§ **EXERCISE INSTRUCTIONS**:
All of the data below should come back exactly as written, minus its images.

§ **AVAILABLE DATA**:

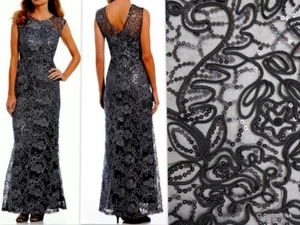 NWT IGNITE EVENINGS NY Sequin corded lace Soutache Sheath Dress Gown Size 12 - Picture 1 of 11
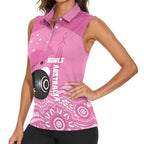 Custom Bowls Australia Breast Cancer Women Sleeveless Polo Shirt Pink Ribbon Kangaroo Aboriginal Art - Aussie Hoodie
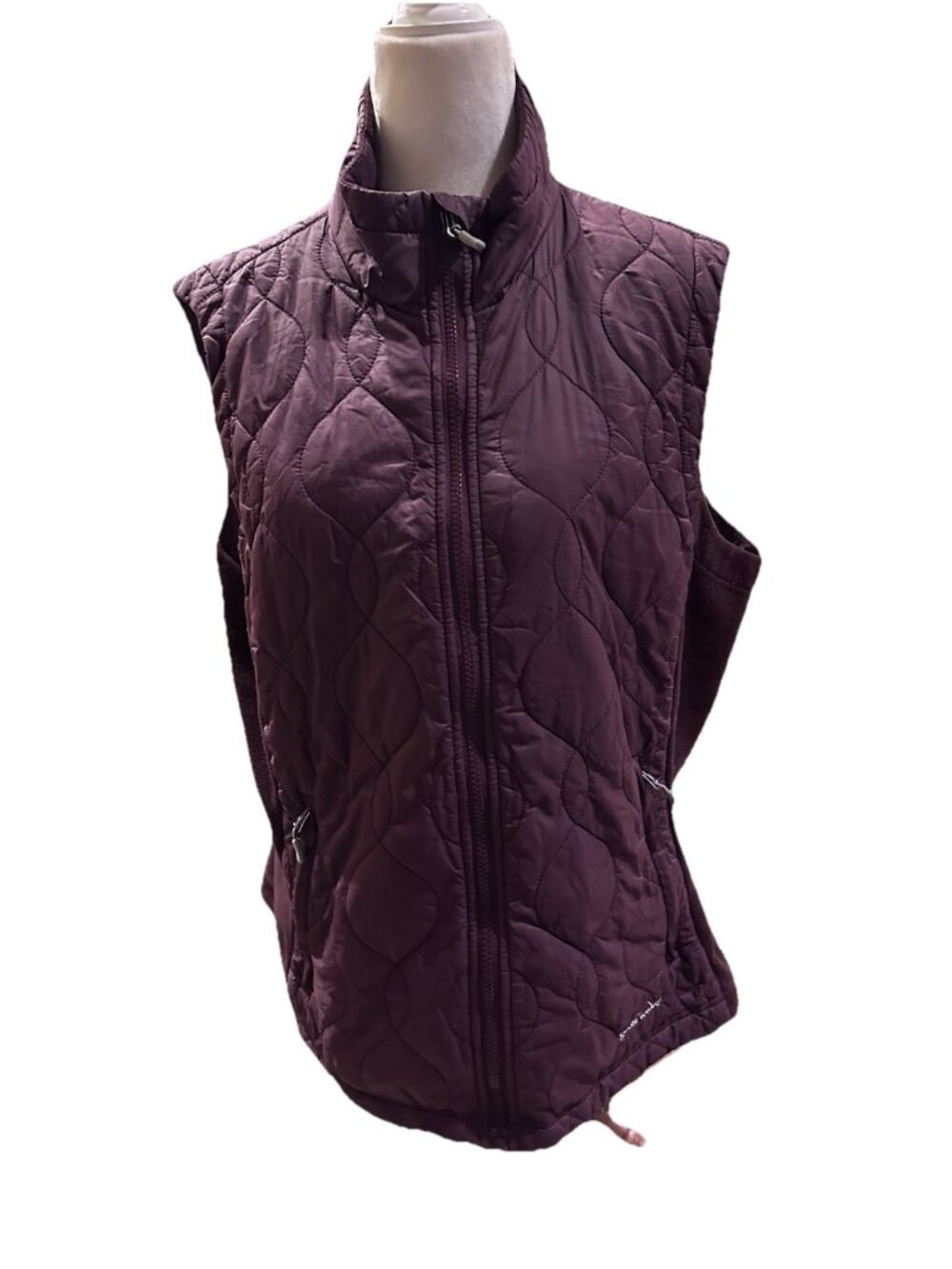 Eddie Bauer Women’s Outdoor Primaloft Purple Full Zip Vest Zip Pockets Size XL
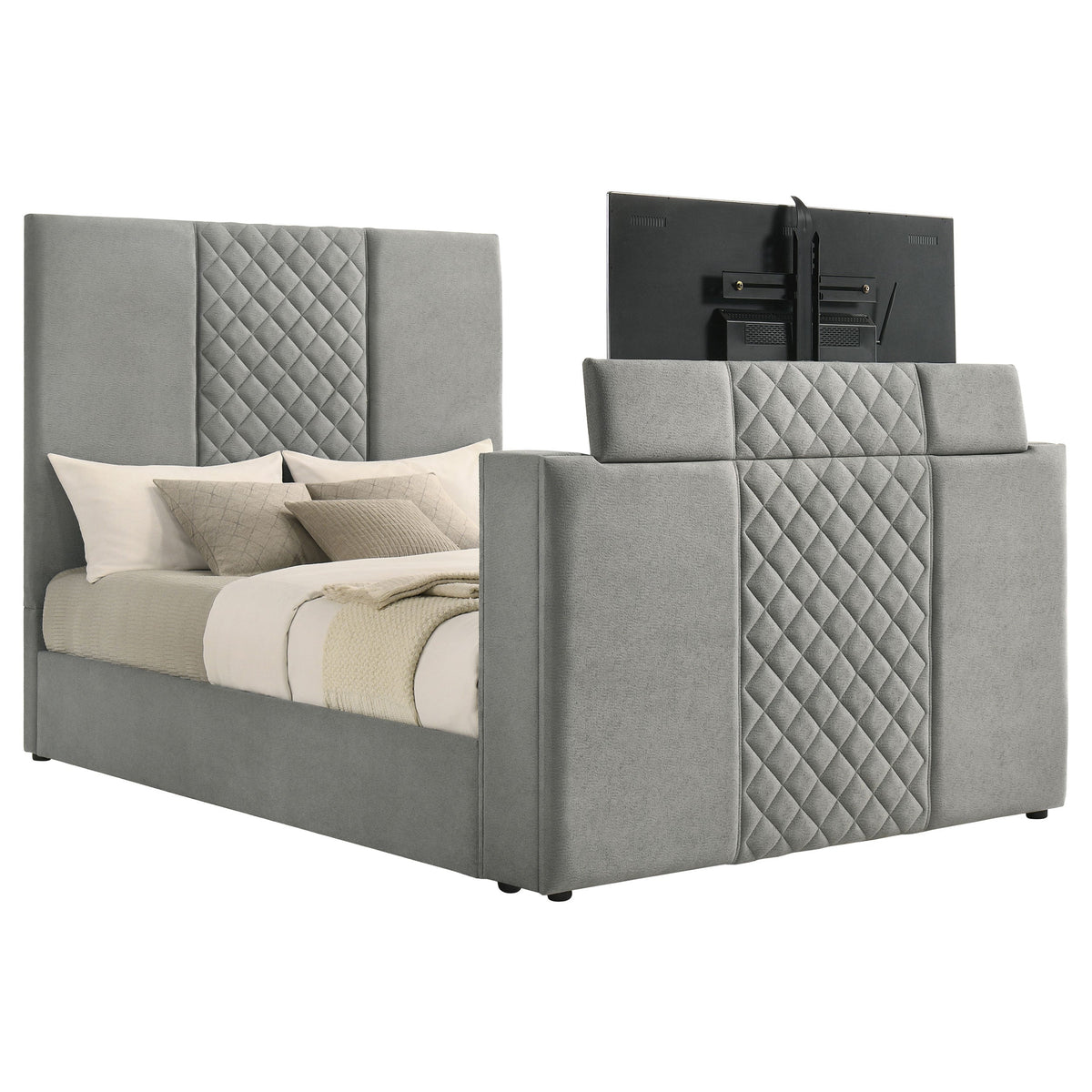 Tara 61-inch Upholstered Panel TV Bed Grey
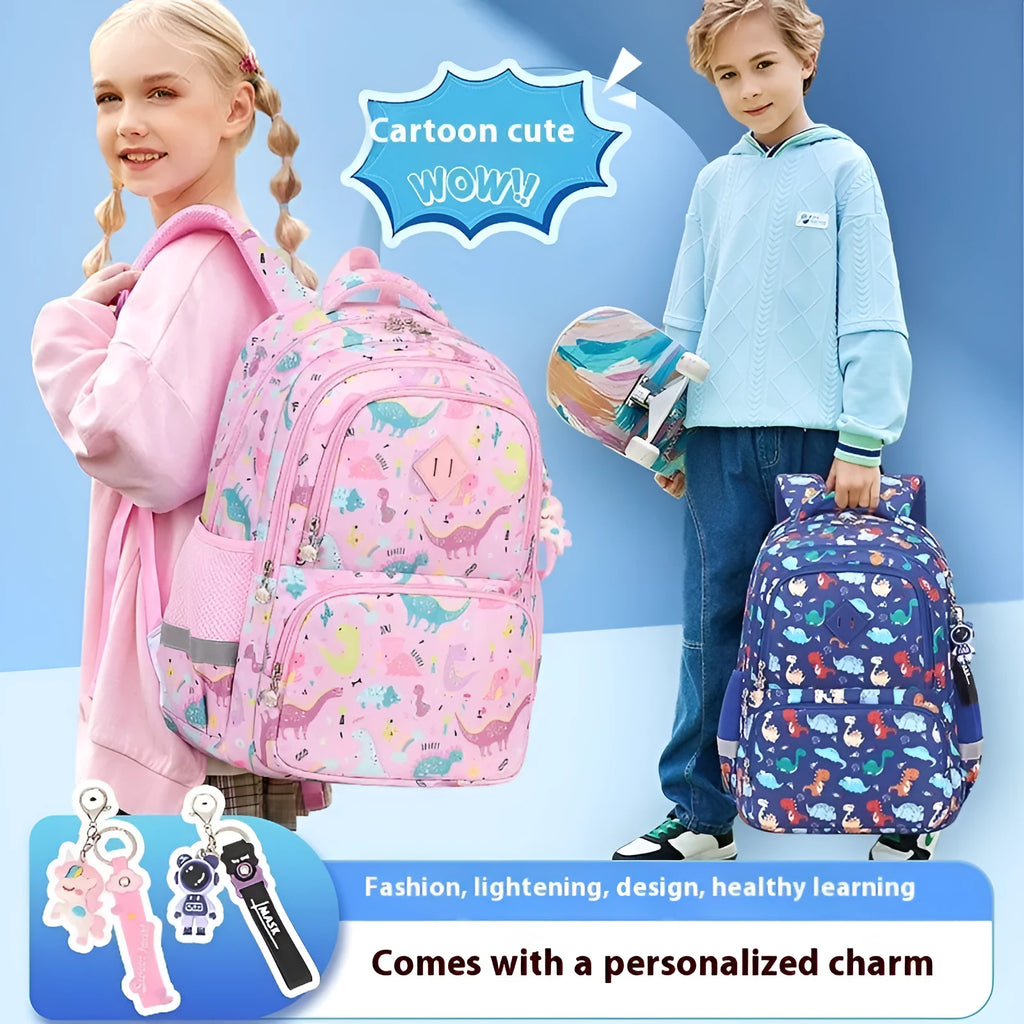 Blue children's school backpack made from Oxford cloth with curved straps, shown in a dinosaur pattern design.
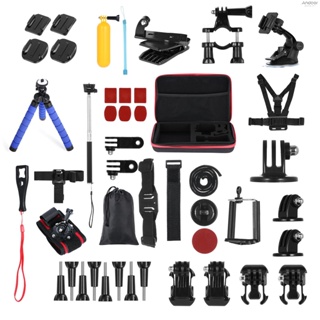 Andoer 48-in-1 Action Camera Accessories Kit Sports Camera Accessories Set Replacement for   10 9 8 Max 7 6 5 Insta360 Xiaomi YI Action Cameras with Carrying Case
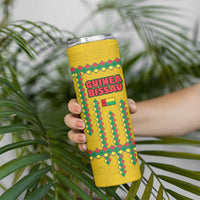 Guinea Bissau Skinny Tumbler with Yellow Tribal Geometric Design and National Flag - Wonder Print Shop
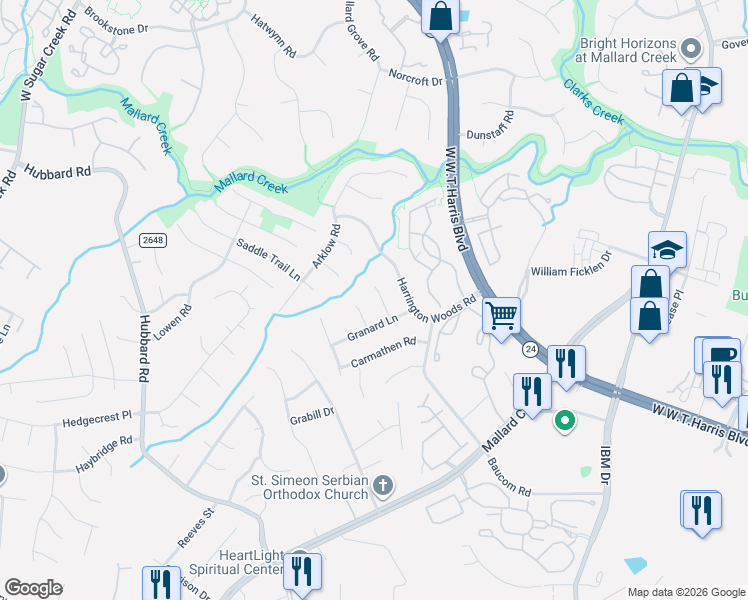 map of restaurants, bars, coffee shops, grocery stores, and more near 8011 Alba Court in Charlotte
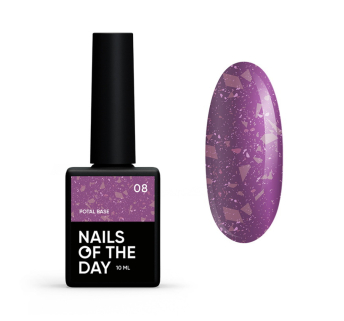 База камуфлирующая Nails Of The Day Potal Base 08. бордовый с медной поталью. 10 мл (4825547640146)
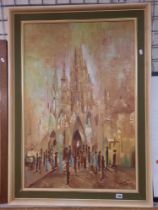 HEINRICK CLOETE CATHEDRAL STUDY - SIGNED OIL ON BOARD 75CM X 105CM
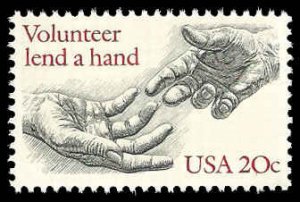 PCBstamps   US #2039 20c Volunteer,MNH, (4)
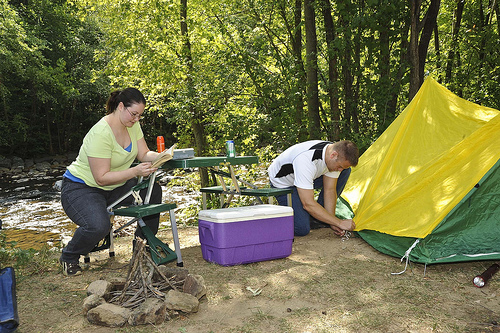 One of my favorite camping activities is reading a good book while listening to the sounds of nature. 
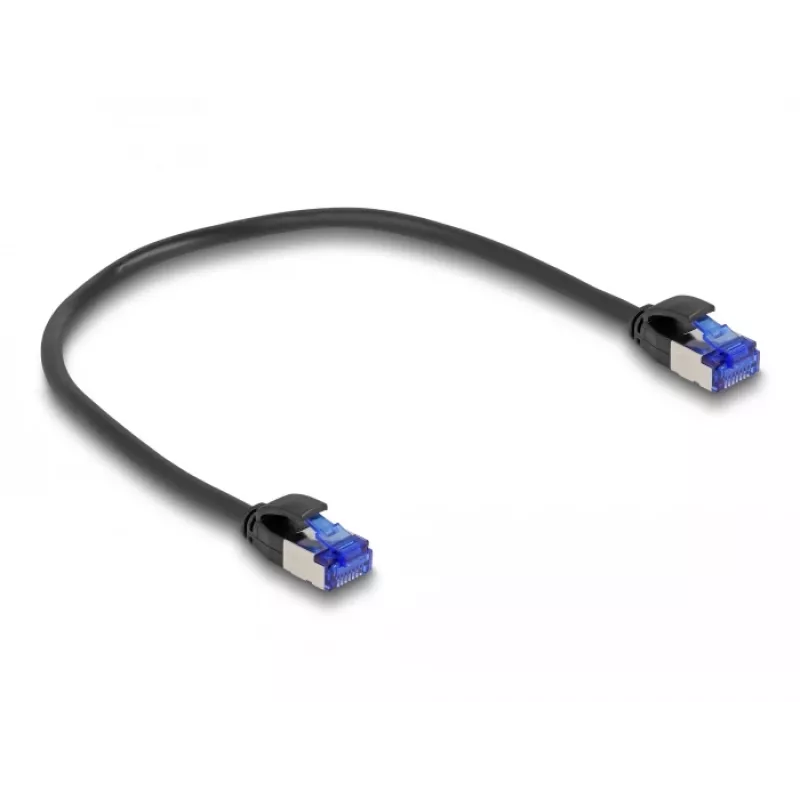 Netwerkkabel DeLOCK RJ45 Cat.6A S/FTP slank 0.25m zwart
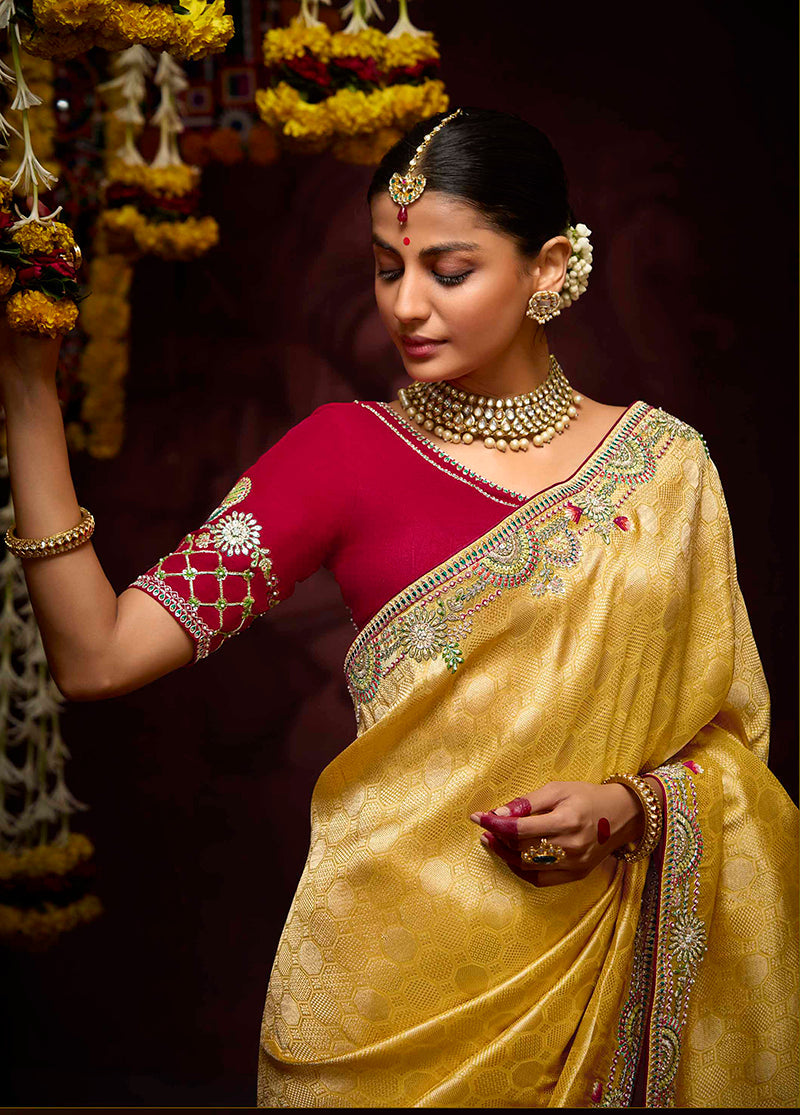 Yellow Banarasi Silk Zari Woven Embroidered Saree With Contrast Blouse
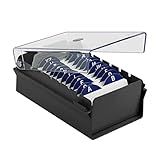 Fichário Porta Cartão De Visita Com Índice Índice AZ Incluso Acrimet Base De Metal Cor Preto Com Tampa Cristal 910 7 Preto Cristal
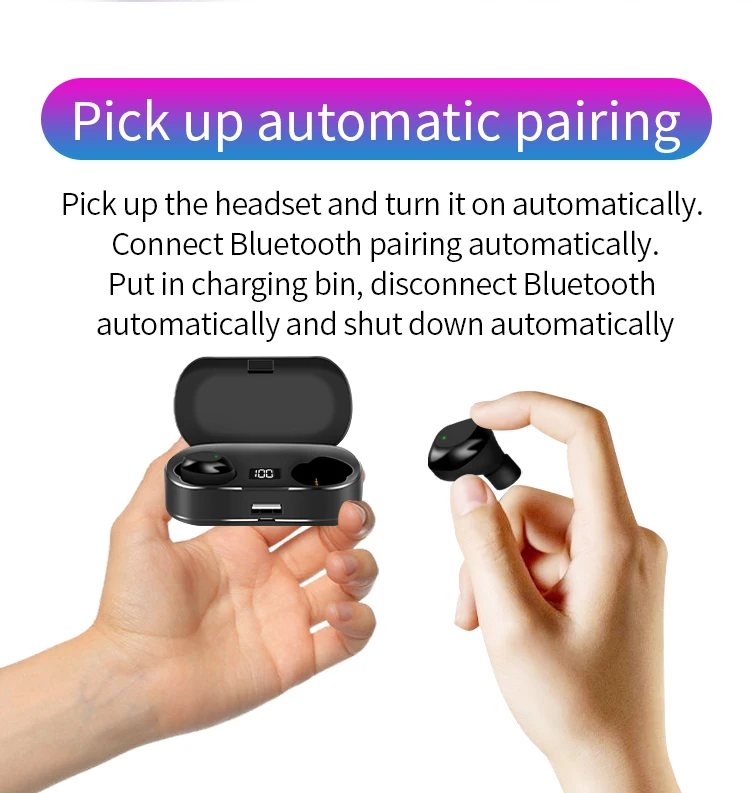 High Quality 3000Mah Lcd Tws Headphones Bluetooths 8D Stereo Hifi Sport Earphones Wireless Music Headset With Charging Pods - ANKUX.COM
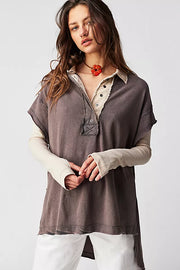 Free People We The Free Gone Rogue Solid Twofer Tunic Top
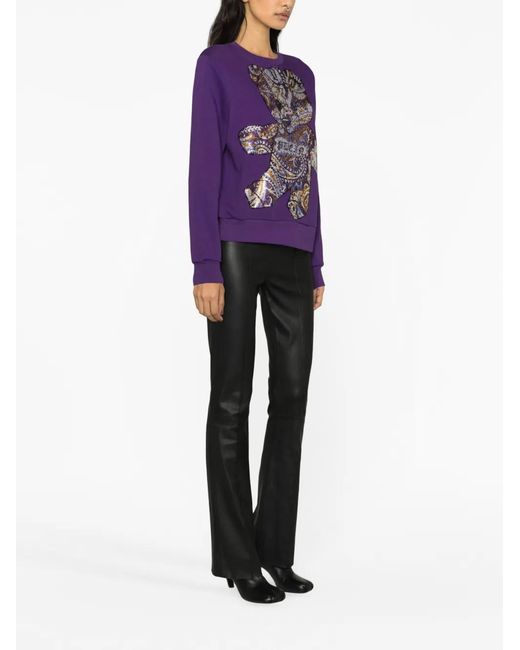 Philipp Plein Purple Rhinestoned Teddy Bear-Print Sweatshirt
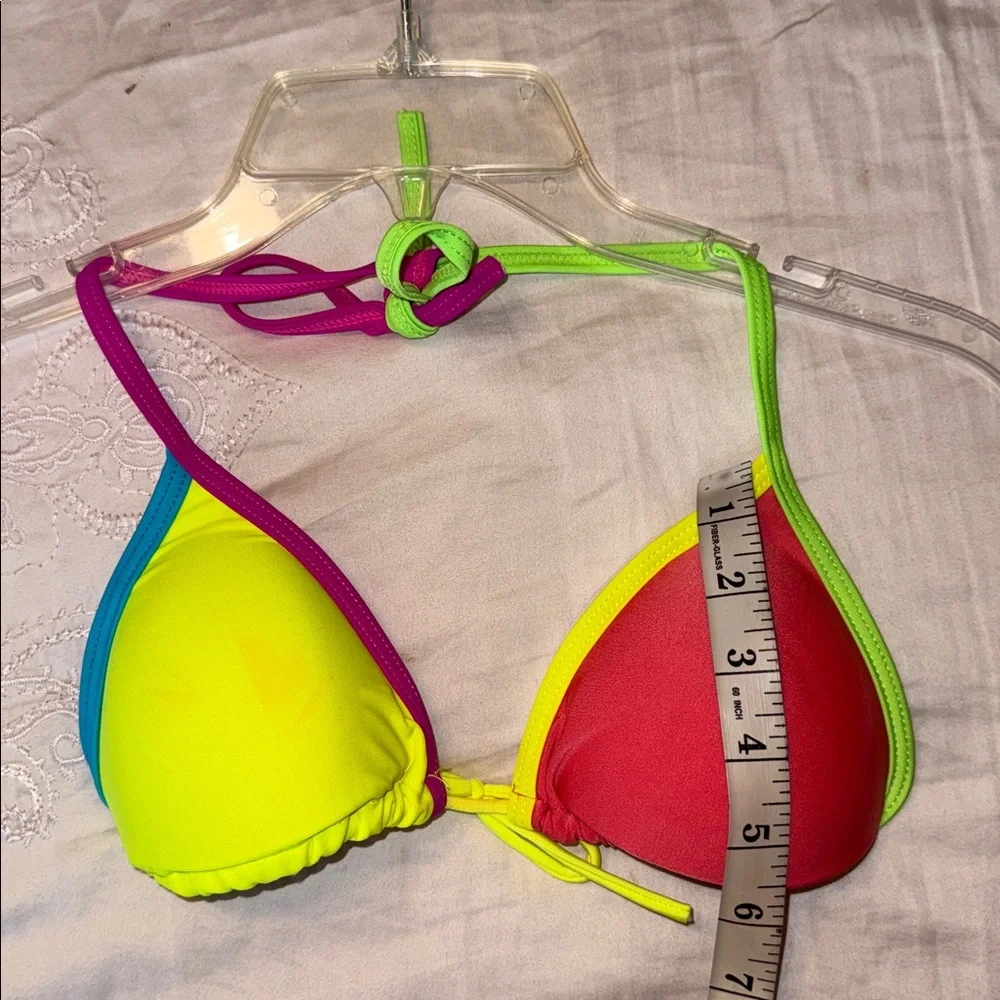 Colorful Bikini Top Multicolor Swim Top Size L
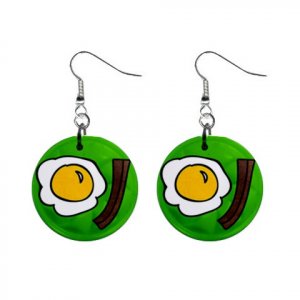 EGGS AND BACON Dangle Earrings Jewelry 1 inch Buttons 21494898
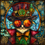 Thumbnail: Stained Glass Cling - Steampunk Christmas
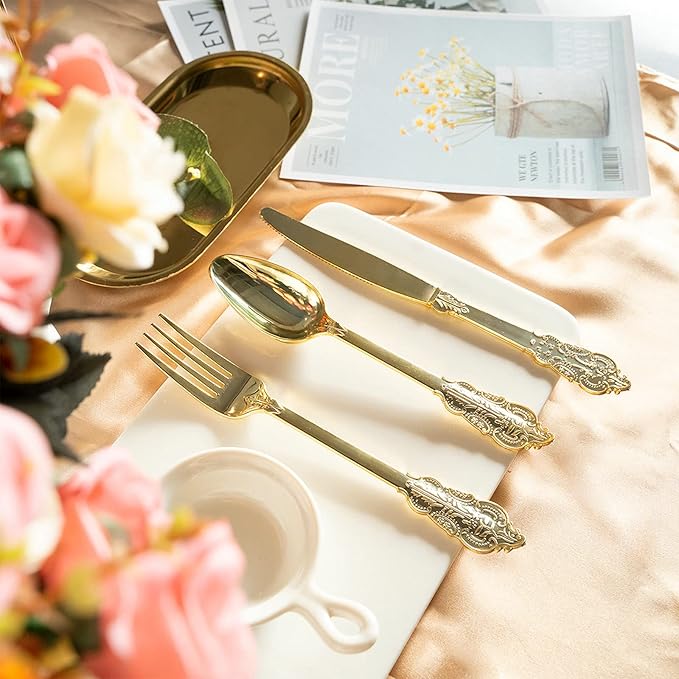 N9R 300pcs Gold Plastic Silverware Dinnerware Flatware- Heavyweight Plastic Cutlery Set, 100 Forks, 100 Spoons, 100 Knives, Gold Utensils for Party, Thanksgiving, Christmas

§ **EXERCISE RESPONSE**:
 NWT IGNITE EVENINGS NY Sequin corded lace Soutache Sheath Dress Gown Size 12 - Picture 1 of 11
 Custom Bowls Australia Breast Cancer Women Sleeveless Polo Shirt Pink Ribbon Kangaroo Aboriginal Art - Aussie Hoodie
 Eddie Bauer Women’s Outdoor Primaloft Purple Full Zip Vest Zip Pockets Size XL
 Tara 61-inch Upholstered Panel TV Bed Grey
 Blue children's school backpack made from Oxford cloth with curved straps, shown in a dinosaur pattern design.
 Andoer 48-in-1 Action Camera Accessories Kit Sports Camera Accessories Set Replacement for   10 9 8 Max 7 6 5 Insta360 Xiaomi YI Action Cameras with Carrying Case
 Guinea Bissau Skinny Tumbler with Yellow Tribal Geometric Design and National Flag - Wonder Print Shop
 map of restaurants, bars, coffee shops, grocery stores, and more near 8011 Alba Court in Charlotte
 База камуфлирующая Nails Of The Day Potal Base 08. бордовый с медной поталью. 10 мл (4825547640146)
 HEINRICK CLOETE CATHEDRAL STUDY - SIGNED OIL ON BOARD 75CM X 105CM
 PCBstamps   US #2039 20c Volunteer,MNH, (4)
 One of my favorite camping activities is reading a good book while listening to the sounds of nature. 
 Netwerkkabel DeLOCK RJ45 Cat.6A S/FTP slank 0.25m zwart
 Yellow Banarasi Silk Zari Woven Embroidered Saree With Contrast Blouse
 Fichário Porta Cartão De Visita Com Índice Índice AZ Incluso Acrimet Base De Metal Cor Preto Com Tampa Cristal 910 7 Preto Cristal
 High Quality 3000Mah Lcd Tws Headphones Bluetooths 8D Stereo Hifi Sport Earphones Wireless Music Headset With Charging Pods - ANKUX.COM
 Free People We The Free Gone Rogue Solid Twofer Tunic Top
 Philipp Plein Purple Rhinestoned Teddy Bear-Print Sweatshirt
 Colorful Bikini Top Multicolor Swim Top Size L
 EGGS AND BACON Dangle Earrings Jewelry 1 inch Buttons 21494898
 Thumbnail: Stained Glass Cling - Steampunk Christmas
 N9R 300pcs Gold Plastic Silverware Dinnerware Flatware- Heavyweight Plastic Cutlery Set, 100 Forks, 100 Spoons, 100 Knives, Gold Utensils for Party, Thanksgiving, Christmas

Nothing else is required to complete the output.